By By ADAM FISHER / Niles Daily Star
Basketball were bouncing in the gym of Niles High School last week. Though the Niles' boys' team is preparing to begin its 2004-05 season, it wasn't the Vikings who were shooting around.
The players in the high school gym last week were from Cedar Lane alternative school. For the first time ever, Cedar Lane has a basketball team this year that will compete against other alternative schools.
The team was assembled and made possible by Jim Barnhart, a social studies and physical eduation teacher at the school. This summer, Barnhart registered Cedar Lane with the Michigan Alternative Athletic Association (MAAA). The MAAA is the ruling body for alternative schools that participate in sports.
Barnhart, who has taught at Cedar Lane for 15 years, wanted the school to join the association so his students could have a chance to participate in sports. Students at Cedar Lane are not allowed to play sports for Niles.
Cedar Lane students don't have many extra-curricular activities available to them, said Barnhart, who coached eighth grade basketball and junior varsity softball at Niles in the past. He thought sports would be the perfect way to get the kids involved.
Basketball isn't the only sport in which Barnhart hopes to field teams. The MAAA offers a variety of sports - flag football, basketball, chess, bowling, frisbee golf, volleyball and softball. Basketbal and volleyball are co-ed sports.
Volleyball and football are played early in the fall, and Barnhart said Cedar Lane wasn't able to organize teams in time to play. The goal, he said, it to participate in basketball, chess, bowling and softball. Barnhart, along with English teacher Joe Racht, will coach all four teams.
Not only has Barnhart been the catalyst in getting Cedar Lane's athletic program started, but he has worked to get more alternative education teams started in the area.

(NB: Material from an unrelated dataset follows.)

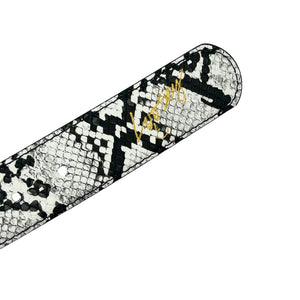 Loosey Slither Belt (White)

When the school joined the MAAA in August, Barnhart was elected to its board of directors as the representative for southwestern Michigan.
Right now, there are 15-18 alternative schools in the MAAA in his area, Barnhart said. He is trying to encourage more schools to join so Cedar Lane won't have to travel as far to play games. Barnhart said the school's teams are forced to play schools as far away as Lansing, Grand Rapids and even Detroit.
Despite the drive, Barnhart said allowing Cedar Lane students to do something they enjoy that is fun is beneficial for them, not just in the classroom, but in life.